For immediate release

GOMEZ ANNOUNCES 20TH ANNIVERSARY EDITION OF BRING IT ON, OUT APRIL 20

SUPER DELUXE 4CD COLLECTION FEATURES REMASTERED ALBUM + 35 PREVIOUSLY UNRELEASED TRACKS INCLUDING RARE DEMOS, BBC SESSIONS & GLASTONBURY 1998 SET

ALSO AVAILABLE IN 2LP FORMAT WITH GATEFOLD PACKAGING FOR BOTH STANDARD (BLACK VINYL) AND DELUXE (RED/YELLOW VINYL) EDITIONS

27 FEBRUARY 2018 (Toronto, ON) – To commemorate the 20th anniversary of Gomez’s Mercury Music Prize winning debut album, Bring It On will be re-mastered and reissued as a super-deluxe 4CD with an accompanying remastered double LP release on April 20 via Universal Music Canada, the country’s leading music company. The 4CD reissued version of Bring It On contains the original album, remastered by Frank Arkwright at Abbey Road studios, as well as 35 previously unreleased tracks. Features include 25 demos & 13 songs never released in any form by Gomez, including covers of Neil Young’s “Unknown Legend” and “T-Bone Walker’s Mean Old World”, the band’s 1998 Glastonbury performance and BBC sessions, as well as a 10,000-word essay by music writer Paul Stokes, with new interviews with the band and those close to them. If that weren’t enough, the anniversary reissue will also be available in 2LP format with gatefold packaging, in standard black vinyl and deluxe red and yellow coloured vinyl.

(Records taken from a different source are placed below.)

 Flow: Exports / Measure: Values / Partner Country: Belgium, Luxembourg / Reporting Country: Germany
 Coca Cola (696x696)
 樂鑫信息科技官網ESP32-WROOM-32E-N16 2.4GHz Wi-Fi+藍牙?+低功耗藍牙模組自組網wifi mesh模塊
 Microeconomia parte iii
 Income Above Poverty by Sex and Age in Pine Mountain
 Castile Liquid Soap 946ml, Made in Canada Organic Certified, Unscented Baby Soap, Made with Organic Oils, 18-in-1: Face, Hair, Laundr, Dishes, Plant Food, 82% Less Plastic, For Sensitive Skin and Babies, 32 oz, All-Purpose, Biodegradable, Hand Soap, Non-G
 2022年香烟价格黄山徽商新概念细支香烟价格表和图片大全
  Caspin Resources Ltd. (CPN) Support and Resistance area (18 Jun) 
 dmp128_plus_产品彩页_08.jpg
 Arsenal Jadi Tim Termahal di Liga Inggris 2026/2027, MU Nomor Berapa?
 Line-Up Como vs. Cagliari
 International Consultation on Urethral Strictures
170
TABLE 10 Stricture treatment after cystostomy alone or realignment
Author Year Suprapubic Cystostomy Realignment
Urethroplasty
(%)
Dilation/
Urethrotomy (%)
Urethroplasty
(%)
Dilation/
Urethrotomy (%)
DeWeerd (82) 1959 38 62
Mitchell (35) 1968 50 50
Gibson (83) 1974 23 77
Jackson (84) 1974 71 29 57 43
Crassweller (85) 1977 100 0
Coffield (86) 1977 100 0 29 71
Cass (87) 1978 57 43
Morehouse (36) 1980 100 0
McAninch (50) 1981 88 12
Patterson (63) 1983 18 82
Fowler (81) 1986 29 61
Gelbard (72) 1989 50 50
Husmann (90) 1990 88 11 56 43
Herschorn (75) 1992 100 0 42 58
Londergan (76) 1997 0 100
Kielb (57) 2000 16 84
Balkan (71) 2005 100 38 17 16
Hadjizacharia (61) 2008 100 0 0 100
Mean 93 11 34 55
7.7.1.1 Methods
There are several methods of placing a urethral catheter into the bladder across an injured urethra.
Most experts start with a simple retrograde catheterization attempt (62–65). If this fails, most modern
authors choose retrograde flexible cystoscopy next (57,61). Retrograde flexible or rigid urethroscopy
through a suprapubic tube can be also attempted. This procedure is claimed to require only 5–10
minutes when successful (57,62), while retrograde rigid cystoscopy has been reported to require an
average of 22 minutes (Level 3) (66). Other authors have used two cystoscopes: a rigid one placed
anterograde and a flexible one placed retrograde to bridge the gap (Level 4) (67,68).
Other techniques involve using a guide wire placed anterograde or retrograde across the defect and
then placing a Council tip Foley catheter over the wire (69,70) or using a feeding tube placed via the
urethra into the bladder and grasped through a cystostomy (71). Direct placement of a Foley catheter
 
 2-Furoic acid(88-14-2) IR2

Pre-order BRING IT ON – 20th ANNIVERSARY:

“No other record captures that period so perfectly,” says Elbow’s Guy Garvey. “The concerns of the songs. The stories, the experimental sounds. It was so brave for a band to record themselves at that time: it allowed a direct and undiluted account of the band as aspirational, big-hearted friends in love with making music and each other. It dared us to record ourselves. But they did it first. It’s the most deserving recipient of the Mercury Prize in its history: a breathlessly ambitious and lovingly crafted masterpiece. It should be called Bring It 'The F*ck' On.

Twenty years on, the debut album by Gomez still sounds ahead of its time. You can hear its echoes in so much of the music that followed, not just in Elbow, but in any artist who heard Bring it On, and realized the possibilities of combining indie and roots music, with lo-fidelity electronics. The album synthesized styles in a way that seemed remarkable then, capturing a modern experimental sensibility with a love of the past. Where so many of its contemporary’s sound completely of their time, Bring It On sounds as if it could have come out to equal acclaim at any point over the past 20 years.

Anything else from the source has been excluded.